The vaccine has been tested on mice, which were given two doses, and their immune response was assessed two weeks later. The results of this proof of concept in terms of immunogenicity were satisfactory. The researchers now plan to perform tests on animals infected with SARS-CoV-2 and to begin clinical trials in 2022.
According to Aps, one of the main advantages of this vaccine compared with first-generation vaccines could be its capacity to neutralize variants of concern, as the relevant mutations in SARS-CoV-2 occur in the spike protein, which is not the vaccine’s target.
“This will have to be confirmed by genetic analysis, but the formulation we’re developing has the potential to transcend the limitations of existing vaccines and combat all variants, inducing a robust cellular response in the Brazilian population,” she said.
The vaccine will be injectable, administered in two doses, and stable at room temperature.
Besides the DNA vaccine against COVID-19, the startup is developing an RNA vaccine that looks highly promising, according to Aps.
The firm uses a vaccine platform based on an attenuated live bacterium, which briefly colonizes the lymphoid organs associated with the intestines, as well as secondary lymphoid organs in animals. “The vaccine’s genetically modified vector contains genes that induce expression of SARS-CoV-2 proteins. If the plan succeeds, this combination will stimulate sufficient humoral and cellular immune responses to prevent the development of COVID-19,” Trevisani said.
Because the vector is a live bacterium, this initial stage of the research depends only on a fermenter to grow bacteria to scale. The methodology is tried and tested. “This platform has been used to prevent horse pneumonia caused by Rhodococcus equi, with patent applications in Brazil and elsewhere,” he explained.
In the case of equine pneumonia, all the tests and protocols used throughout the research project show that the vector colonizes the lymphoid organs associated with the intestines and secondary lymphoid organs long enough for the maturation and selection of clones that are highly effective in controlling infections caused by R. equi.

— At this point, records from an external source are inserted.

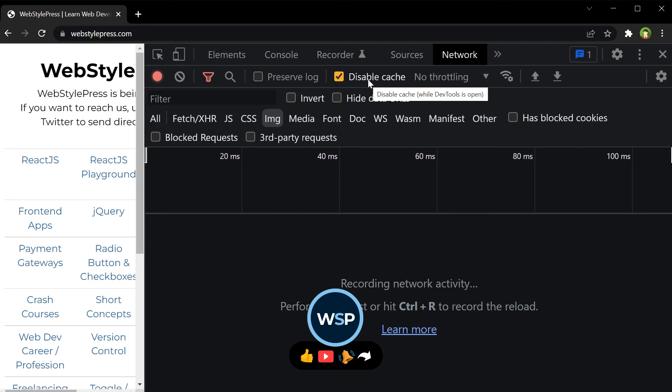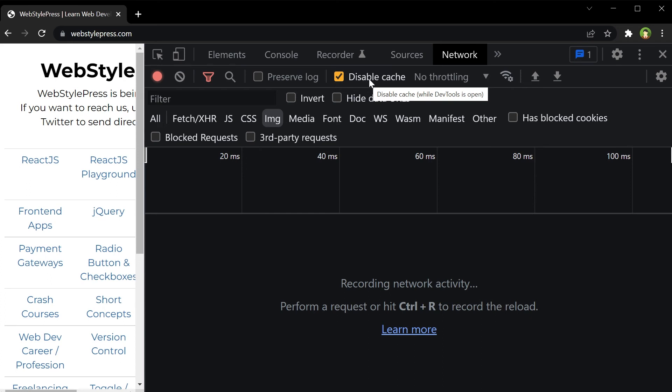But keep DevTools open and the Disable Cache option checked to make sure cache is disabled during the testing process. Okay, I hope it helped. Like, share, subscribe, and I'll see you in the next video.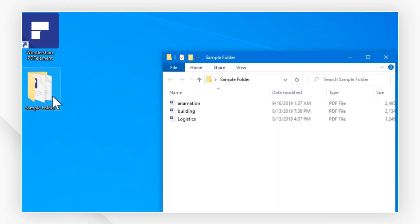Here, I have got a folder of PDFs that I wish to combine into one PDF. First, select them all.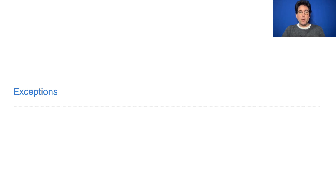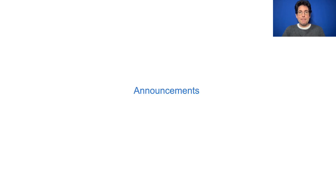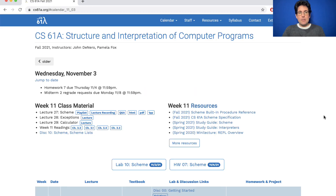61A lecture number 28. Homework 7 is due tomorrow. Midterm 2 regrade requests are due on Monday.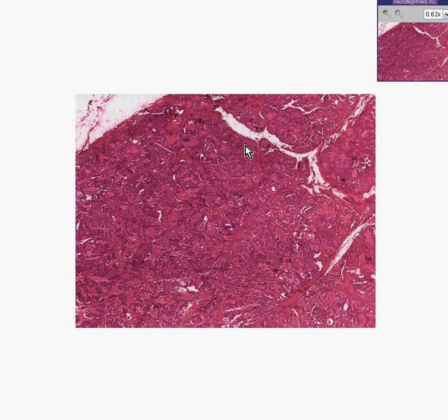Well, what do we have here? By now, you're probably thinking, gee, just another pink piece of tissue, pinkish-purple, could be anything. Who cares?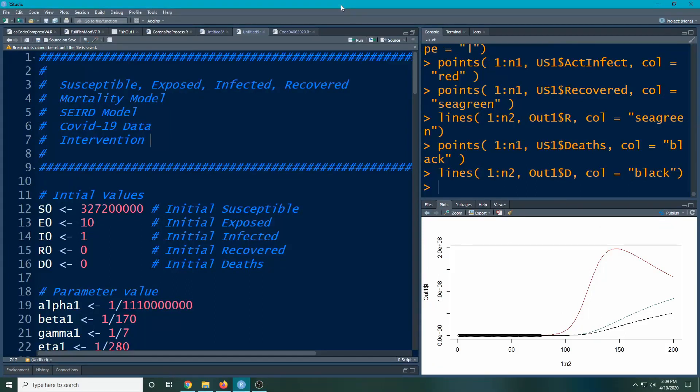Welcome to the R video tutorial on the Susceptible-Exposed-Infected-Recovered mortality model. We're going to use the COVID-19 data as our motivation.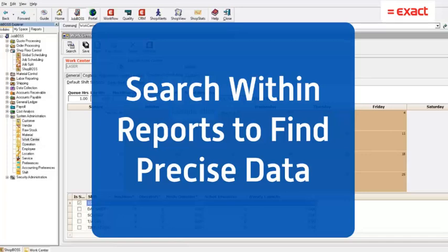Once again it's Tech Tip Tuesday and this week we are excited to show you how to search within reports to find the precise data that you're looking for.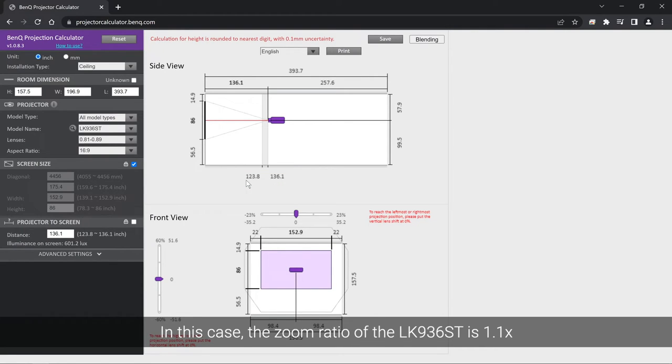In this case, the zoom ratio of the LK936ST is 1.1 times.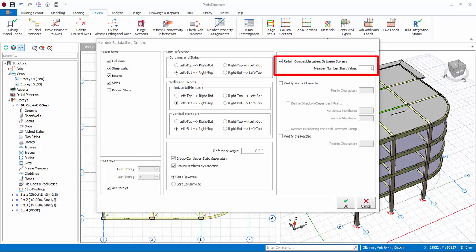Example: 1-C1, 2-C1, 3-C1, etc. This option is only valid if more than one story is selected for relabeling.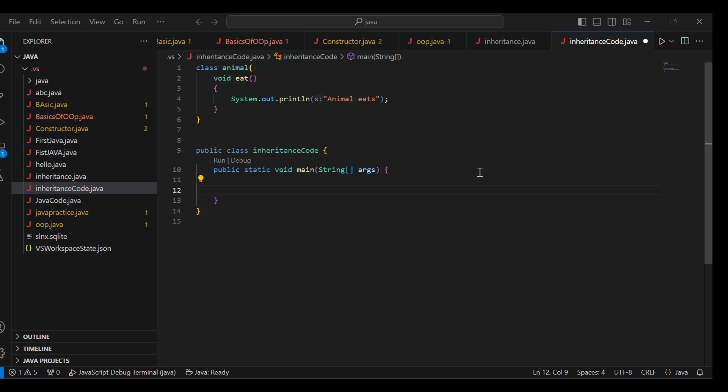For example, you can take a father and his sons. In Single Inheritance, there is only one son. In Multi Level Inheritance, you have a grandfather and son. But in Hierarchical Inheritance, one parent has multiple children. It is called Hierarchical Inheritance.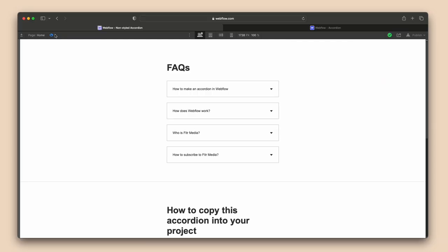That is how you build an accordion in Webflow. There will be a link in the description if you want to clone this accordion so you don't have to build it from scratch — just clone it and copy it into your project. Also, if you're looking for Webflow developers or consulting, we do offer those services, so there are links in the description below if you want to get in contact with us.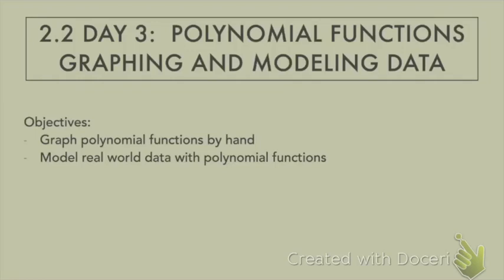Welcome to section 2.2, day 3, polynomial functions, graphing and modeling data. Today's objectives are to graph polynomial functions by hand and to model real-world data with polynomial functions.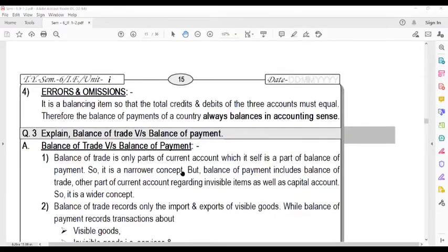The next item is Errors and Omissions. It is a balancing item so that the total credit and debit of the three accounts must be equal. Therefore, the Balance of Payment of a country is always balanced in the accounting sense.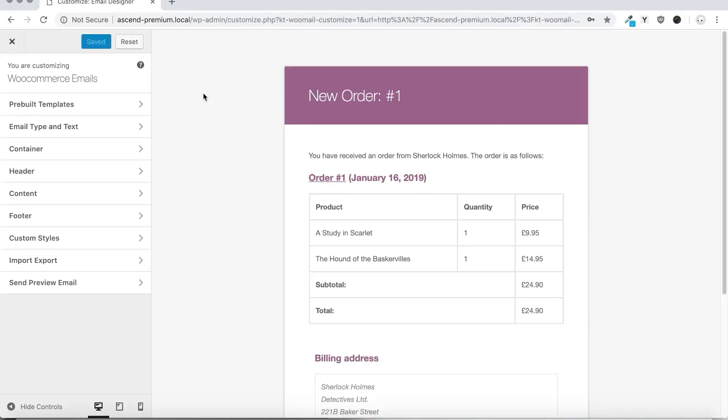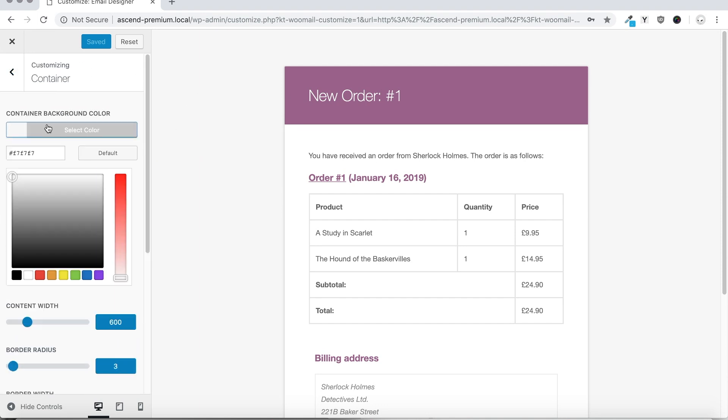Cadence WooCommerce email designer plugin allows for simple customization of your WooCommerce email templates.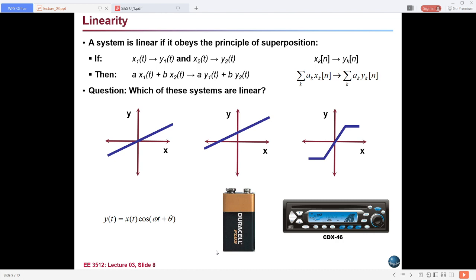For homogeneity: if x1(t) is the input to a system and y1(t) is its output, and x2(t) is another input to the same system giving output y2(t), then satisfying that relationship is called homogeneity. For discrete time, the same applies: if the input is x1[n] then the output is y1[n]. If a system satisfies these conditions, it is said to satisfy homogeneity.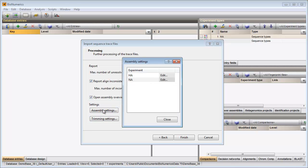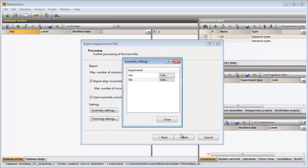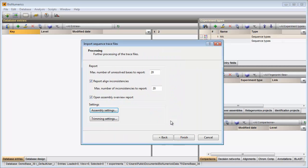Pressing the assembly settings button allows me to change the assembly settings for each experiment. I will use the default settings in this import round, so I can just close the windows. The final step is to click finish and the software will start assembling the selected trace files.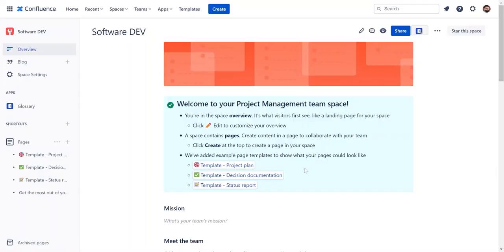Hi, in this video we are going to see how you can both import and export your glossaries. Let's start with import. Importing glossaries comes in handy for users willing to migrate their glossaries to Confluence Cloud without building them from scratch.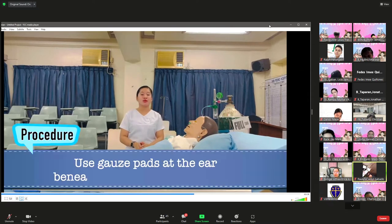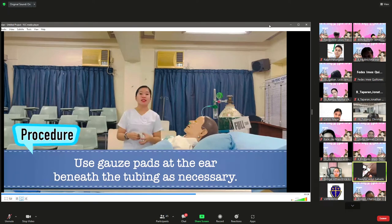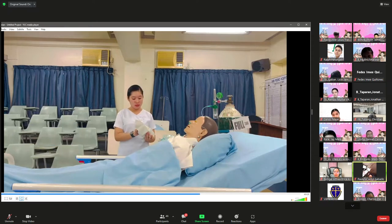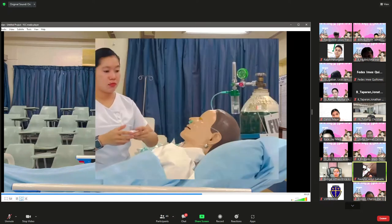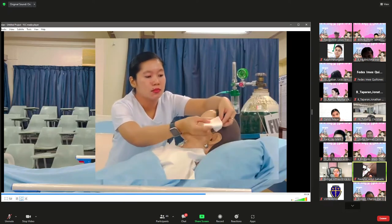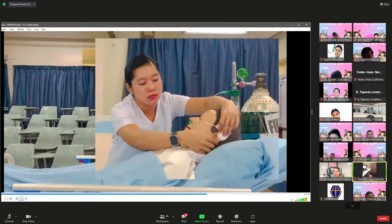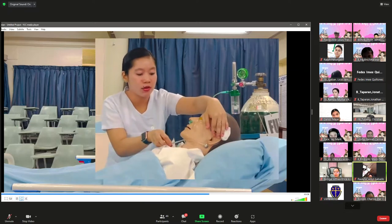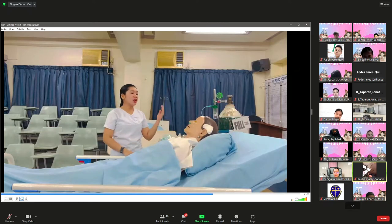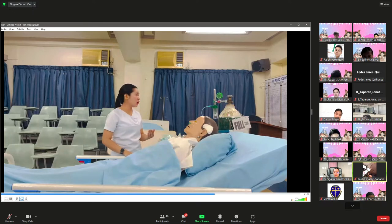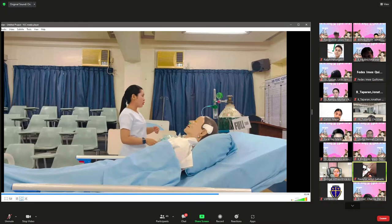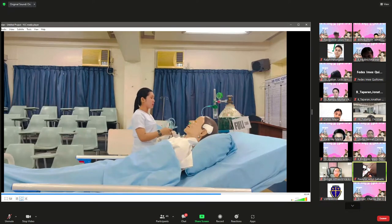Use gauze padding at the ear beneath the tubing as necessary to reduce irritation and pressure, protecting the skin — though this is optional. If the doctor orders a face mask instead, follow the same procedure as with the nasal cannula but replace it with the face mask. For example, if the ordered flow rate is 5 liters per minute, check that oxygen flows freely through the tubing, then apply the face mask to the bridge of the nose first, then position it over the chin, adjusting the strap snugly.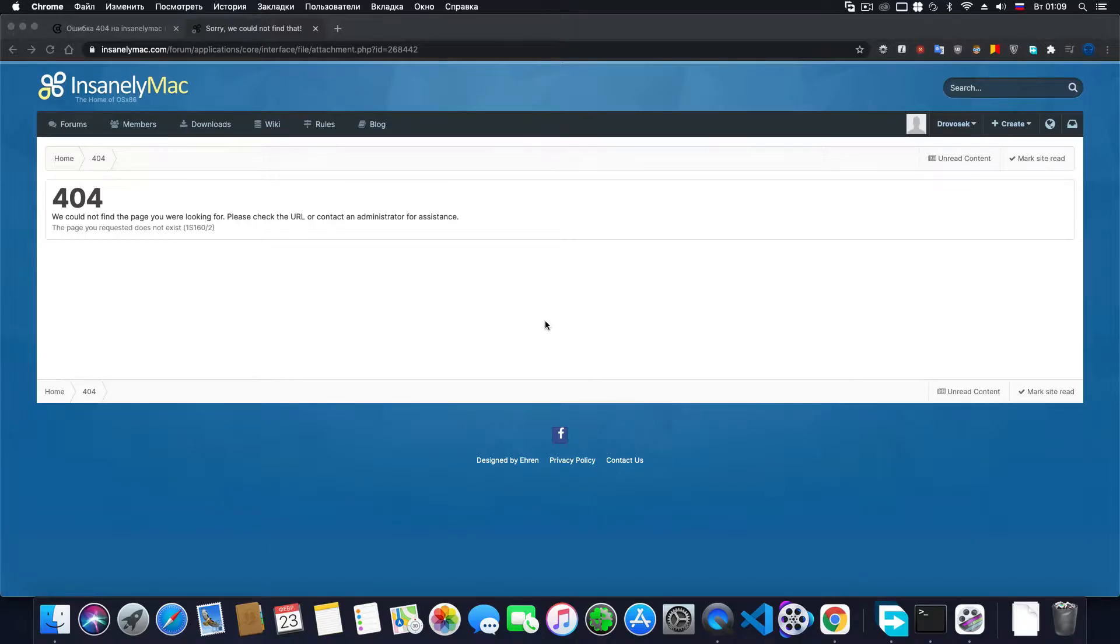Hello guys! In this video I will show you how to fix 404 errors on some type of pages on insanelymac.com.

In addition, the researchers detected robust production of IgA (immunoglobulin A, which protects mucosa) and IgG (immunoglobulin G, important and widely dispersed for opsonization and neutralization of infectious agents), as well as a strong cellular immune response capable of killing infected cells.
“Based on our prior experience, we expect the same to happen with prevention of SARS-CoV-2,” Trevisani said. “We’re currently working on construction of the vaccine platform and measuring expression. The timetable calls for animal testing to begin in August 2021. However, our experience with the platform for R. equi pointed to strong humoral, mucosal and cellular immune responses. In fact, the scientific community in the field considered it one of the top five vaccine proposals for the disease.
“The main advantage of the technology is its applicability. The vector can be administered orally and doesn’t require needles or trained professionals. The scale of vaccine rollout can be huge compared with intramuscular immunization. Also, the fact that it’s based on a live bacterium means the formulation can be lyophilized and used in remote areas of Brazil and the world without requiring cold chain transportation.”
The team does not yet have plans for clinical trials. “Everything depends on the efficacy and safety demonstrated in the preclinical trials involving animals,” Trevisani said.